Its calming interior is inspired by the suburb’s nature reserve and features natural colours and materials such as broken stone flooring, blackwood timber tables and cladding, pale-blue glazed clay tiles, and muted green plaster walls.
An arrangement of dried native plants is suspended over a large communal dining table that sits at the centre of the 150-square-metre space.
A series of smaller square tables surround the communal table as well as soft banquette seating and window bar seating. The kitchen, which is open to the restaurant, runs along the back of the space next to the bar.
A series of bi-folding timber-frame windows run along the facade on both sides of the entry door allowing the restaurant to be opened up to the tree-lined street.

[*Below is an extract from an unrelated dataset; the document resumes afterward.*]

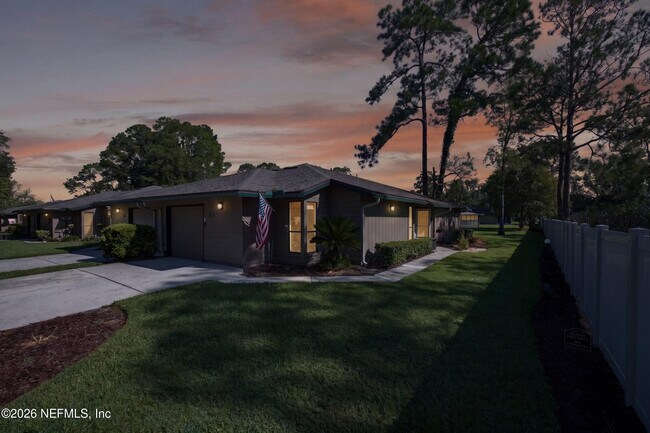 Building Photo - 9351 Arbolita Way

The same pale-blue tiles that line the bar inside the restaurant are also used to clad the facade so that the exterior has a visual connection with the interior space.
Tammy Miconi, principal of Lot 1 Design, told Dezeen that the use of natural materials and colours, as well as the restaurant’s connection to the street, help the space to transition from a daytime to nighttime venue.

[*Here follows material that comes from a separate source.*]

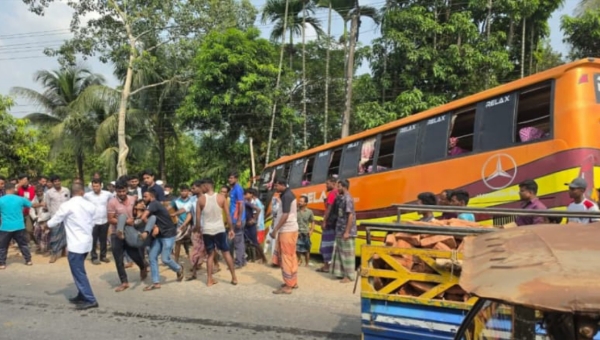 সিলেট-তামাবিল মহাসড়কে পৃথক দু'র্ঘট'নায় না'রী-শি'শুসহ নি'হত ৩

“The space has been designed with elements that both a restaurant and café occupy,” said Miconi.
“The overall material palette is heavily based on texture and natural materials drawn from the surrounding environment giving you a casual, yet matured feeling that allows for a comfortable transition throughout the day,” she continued.
“For example, the plaster walls applied by hand vary with the penetrating light throughout the day, offering strong textural movements and then a smooth subtle moodiness in the evening.”

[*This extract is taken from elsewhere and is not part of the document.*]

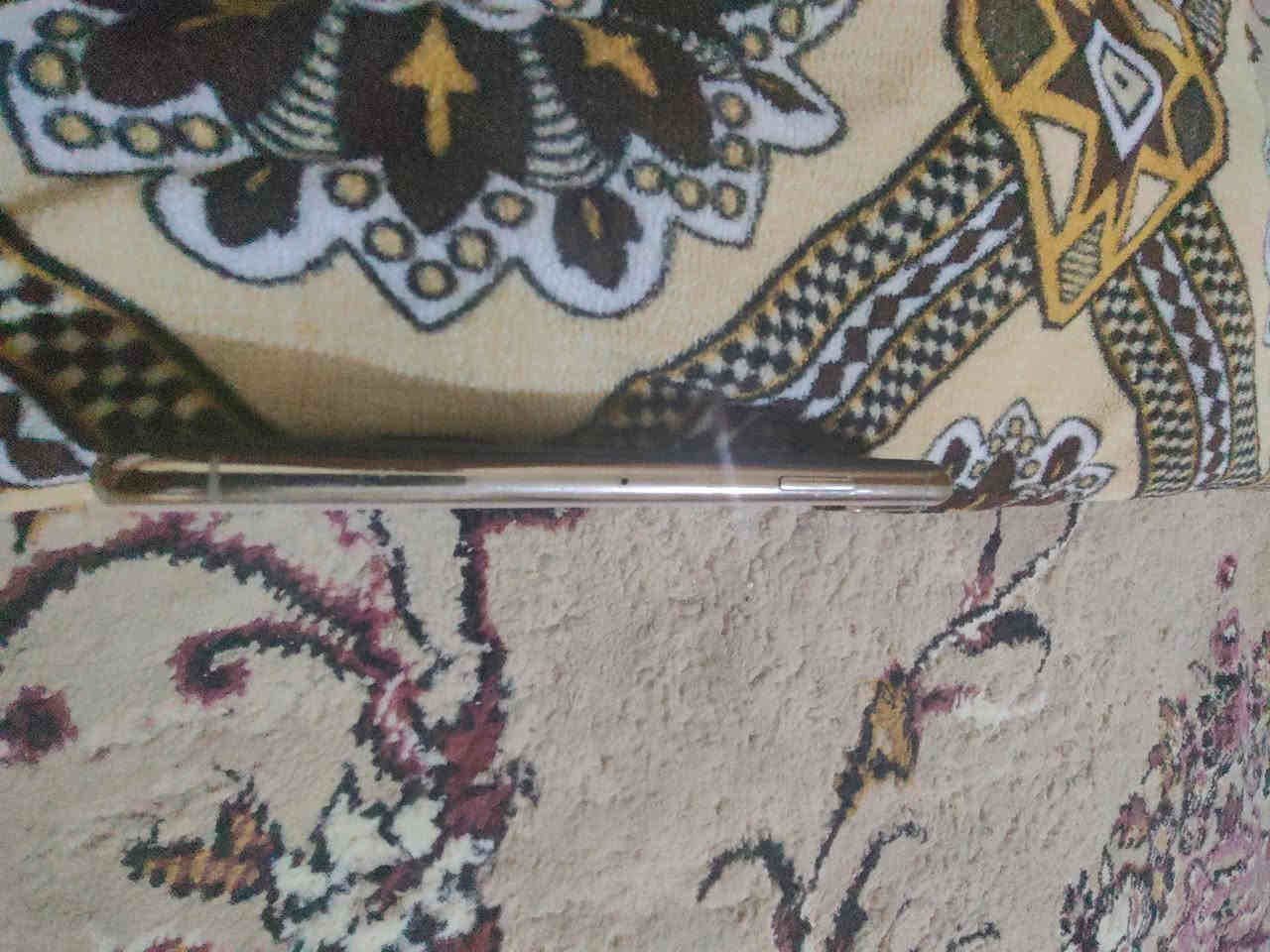 السلام وعليكم ايفون إكس اس شرق اوسط مامفتوح نضيف كلش شخط مابي ذاكره 64 بطاريته 76 كله بلاد السعر 150 بي مجال أو مراوس المكان كربلاء ***********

Other features that transform throughout the day include the servery, which runs along the back of the space.
“The servery is quite a large statement that has been designed more like a functioning restaurant servery including heat lamps over the food-placement zones,” explained Miconi. “In the evening, with the use of strip and feature lighting the servery lights up as a focal point in the space.”
“This is combined with more of a café style seating arrangement including the changes made to the front facade allowing patrons to casually sit on bar stools and reflect on the streetscape through the bi-folding timber windows.”
In the evening, the bi-folding windows can be closed to create a more intimate dining environment with the division of internal and external seating.
“The client was after a space that felt warm, inviting and unpretentious,” said Miconi.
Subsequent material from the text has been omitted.